Continental Focus, International Reach

Nigeria Losing Out on LNG Race

Sunday, June 24, 2018

Nigeria is losing out on increasing its LNG sales as frontier countries across the continent move faster in developing recent gas discoveries. Funding and infrastructure challenges have been delaying Nigeria’s expansion of its NLNG facility.

The country has been dragging its feet in building Train 7 at its NLNG facility for more than eight years. It has also pretty much nixed a couple other LNG projects that have been on the drawing board for over a decade, namely the Olokola LNG and Brass LNG projects.

While Nigeria is procrastinating, new projects across the continent are moving at a steady clip towards development, with one even coming online. Mauritania and Senegal have disposed of both political and infrastructural constraints to develop their cross maritime border discoveries.
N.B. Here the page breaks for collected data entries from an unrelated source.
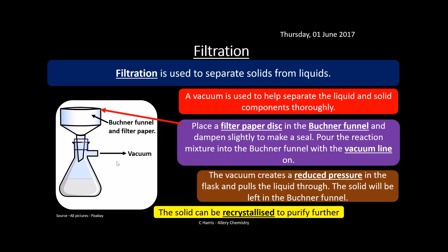Sometimes we want to keep the solid collected in the Buchner funnel rather than discard it. If it's the solid we're after, we need to recrystallize it — this is purification of a solid rather than purification of a liquid as we've seen before.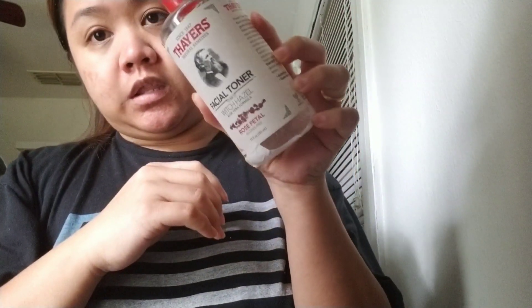This is my toner — this is actually my favorite toner right now. It's Taylor's Natural Remedies facial toner in rose petal, and it's alcohol-free, which is good.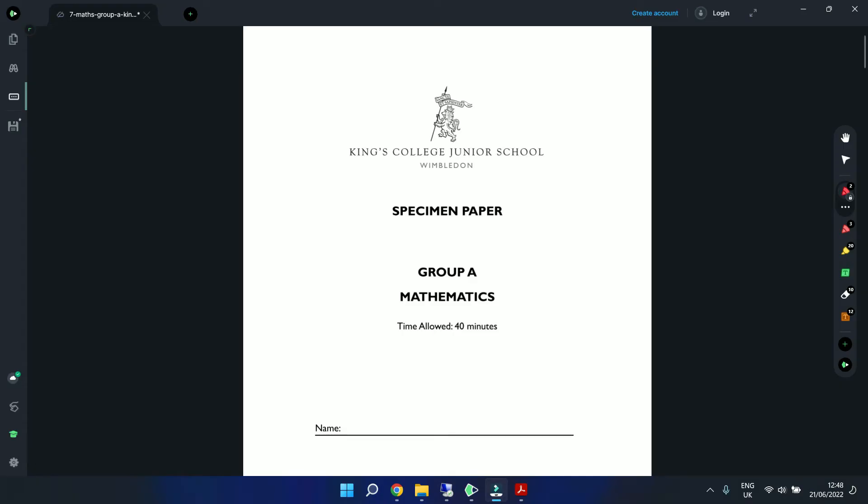Hello everyone, this is Education Hamper and today we will be working our way through the 7 plus King's College Junior School Wimbledon specimen paper Group A Mathematics. The time allowed is 40 minutes. As always, pause the video at each question, attempt it yourself first, and then we can walk through the solution. Let's get straight into the paper.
According to recent reports, Kosmos and BP are moving towards taking the FID by the end of this year.

And then there is Cameroon’s FLNG project brought to fruition by state-run SNH, Perenco, and Golar LNG. The project is the first operational FLNG facility in Africa and the second in the world. The project’s inaugural cargo was exported in May.

On the other side of the continent you have both Mozambique and Tanzania planning LNG facilities, with Mozambique having both onshore and offshore projects in the early development stage.

While there is a demand for LNG coming out of the Asian markets, Nigeria is losing out on these buyers as it drags its feet in moving forward with Train 7. Of course its natural gas resources can always be used for domestic consumption, but with the substantial amount of those resources both domestic use and exports are possible once it puts more of the right infrastructure in place.